XRQ技研業務日誌

ものづくりを楽しんでいます。日々の暮らしの中に面白そうなものを探しながら

樹間の眺め

樹間の眺め

太平洋上の高気圧と大陸の高気圧の綱引きが続いている。この両者がしっかりと位置を交代すると安定した天候になるのだが、まだまだ時間がかかりそうだ。これらは寒気団と暖気団のぶつかり合いでもあり、その境目では不安定な気象状況になり雹や霰を降らせたり暴風が吹くことがある。急な黒雲が現れてくると待避を考えなくてはならない。荒々しい気象が続いている。

 通勤経路に長い歩道橋がある。歩行者と車の通路を分離するように街が作られたので、大きな道路をまたぐ形で遊歩道が付けられているのだ。ゆったりとしたスロープになっていて、昇るのはきついのだが、それでも階段を昇るよりも楽だしのんびりと歩けばそれほどの苦痛でもない。
 高くなった歩道からはその脇に植えられている樹木を横から見ることができる。普段、地面から見上げていた木々なのだが、自分自身が高所に上がったことで木々の枝が目の前になり、いつもの景色が違って見えてくる。枝から枝へ飛び回っている小鳥たちの姿があり、時にはオナガキジバトと目が合ったりする。下から見上げていた時には木の幹を中心とした構造だったが、横から眺めてみると枝の間に結構スペースが広がり、その枝が幾重にも重なっているのがわかる。木と木が並んでいることで、そこに広がりが生まれ小鳥たちの生活の場になっている。
 木の表情も豊かである。冬芽が少しずつ大きくなっていった。若葉が徐々に成長し、色が濃くなっていくのが見られた。こんな花が咲くんだと、間近で見る樹木の花に感動した。たくさんの花で枝が包まれた時、その芳香の強さに驚かされた。
 公園にはたくさんの木々が植えられ樹木は身近な存在である。木の実を落とすこともあり、たくさんの落ち葉で地面が覆われることもある。自分が地面にたち見上げてきた。しかし、自分自身が高い位置になって、木々の枝の間から見てみるとそれはまた違った表情を見せてくれるのだ。改めて気づいたことである。

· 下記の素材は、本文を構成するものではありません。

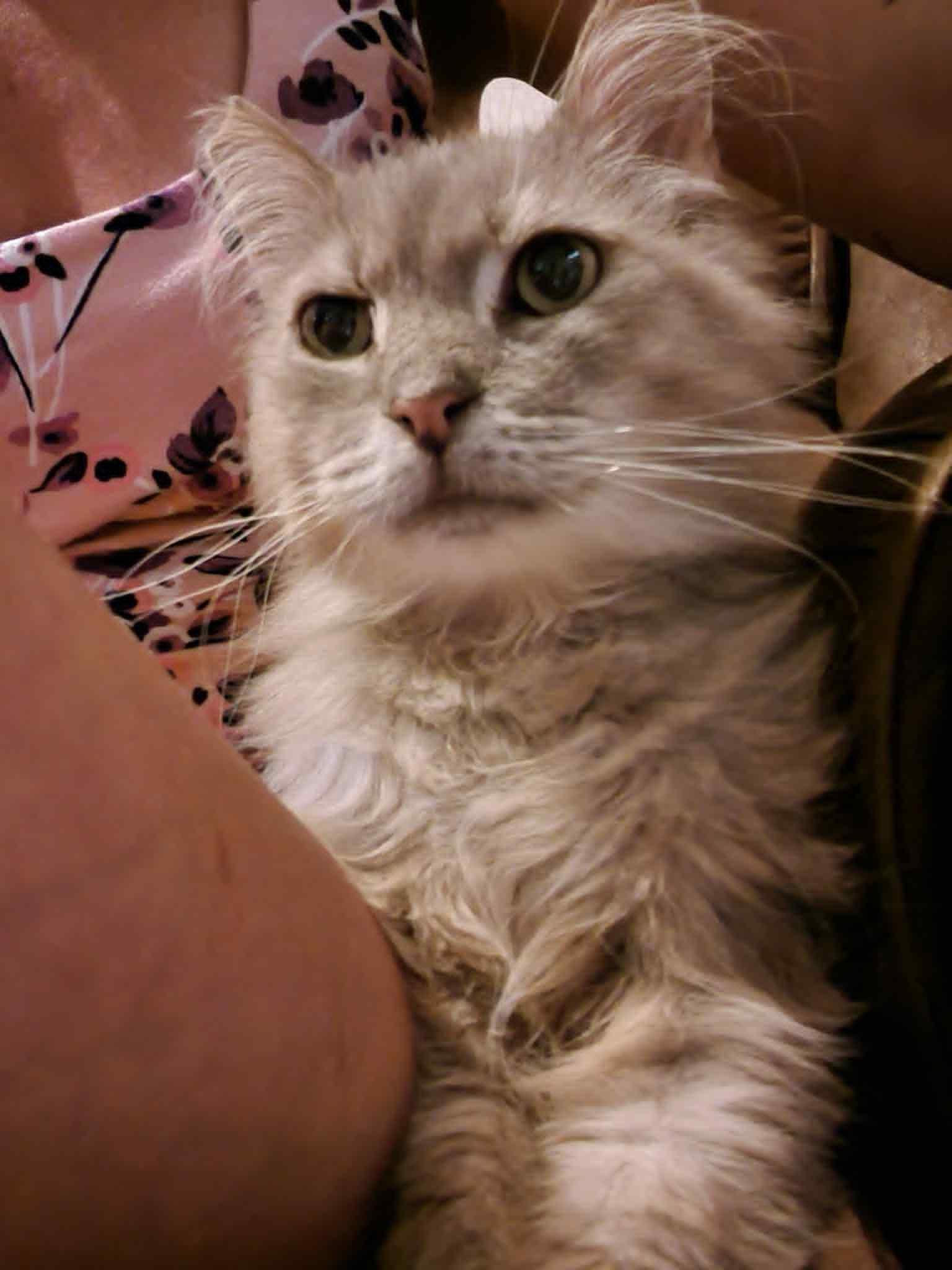 Enlarge Big Boy, a Adoptable Domestic Medium Hair in Fredericksburg, VA image 5/5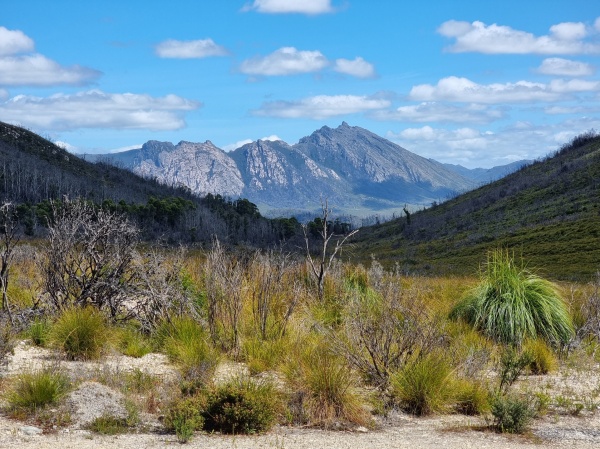 Mount Field National Park

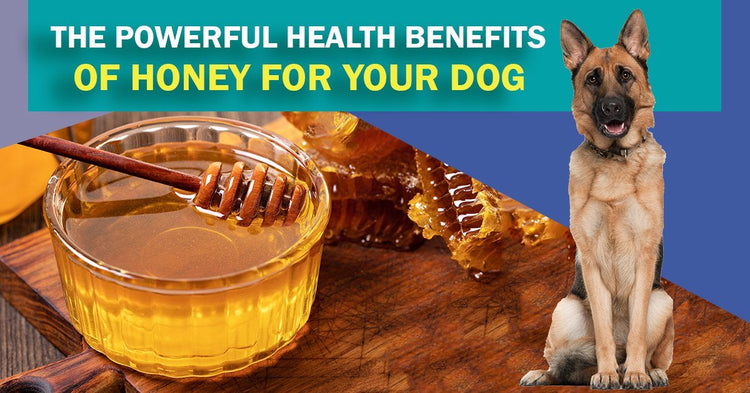 can dogs eat honey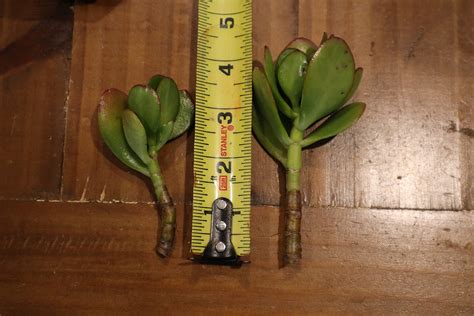 Transplanting Jade Plant Cuttings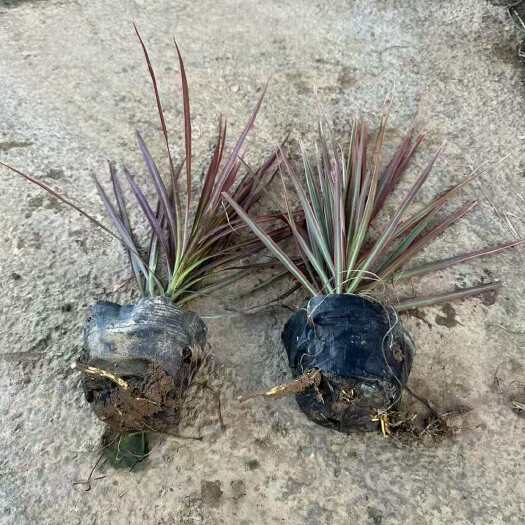 精品七彩铁千年木基地自产自销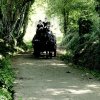 (090) Rando Fouesnant du 24 juin 2018
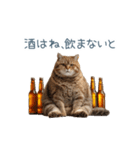 酒クズねこ【面白い・猫】（個別スタンプ：7）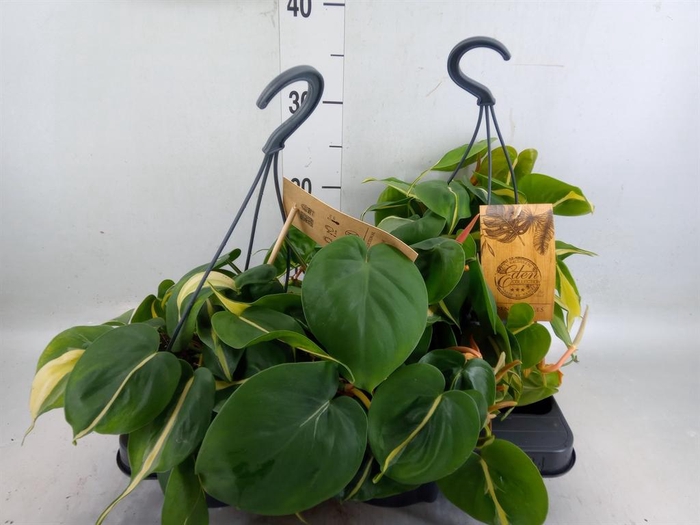 <h4>Philodendron scand.</h4>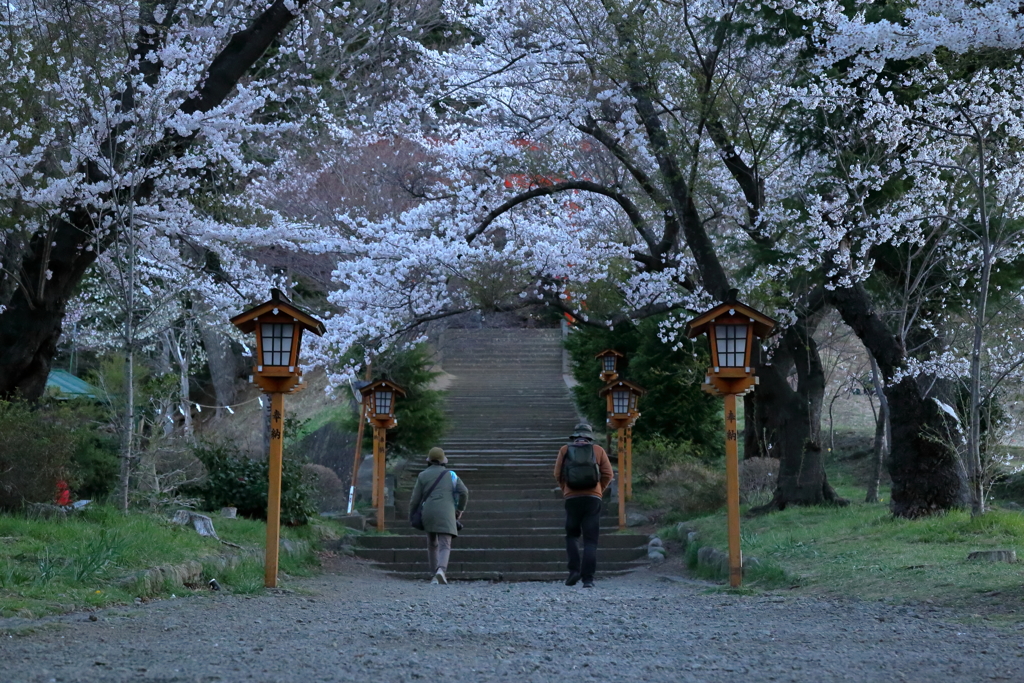 桜並木を歩いて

 視点の違いがこのような感動を与えてくれたのだと思う。歩道橋の上から眺めるという普段と異なる視点を持つことで、新たな発見があった。自分の世界の中からしか物事を見ることができないのだが、異なる世界に自分を置いた時、そこから見えるものはこれまでとは違った世界なのかも知れない。
 子どもの頃に登った木の上の景色はこんな世界だったのかも知れない。街の中で気軽に楽しめる樹間体験。通勤途中の楽しみになっている。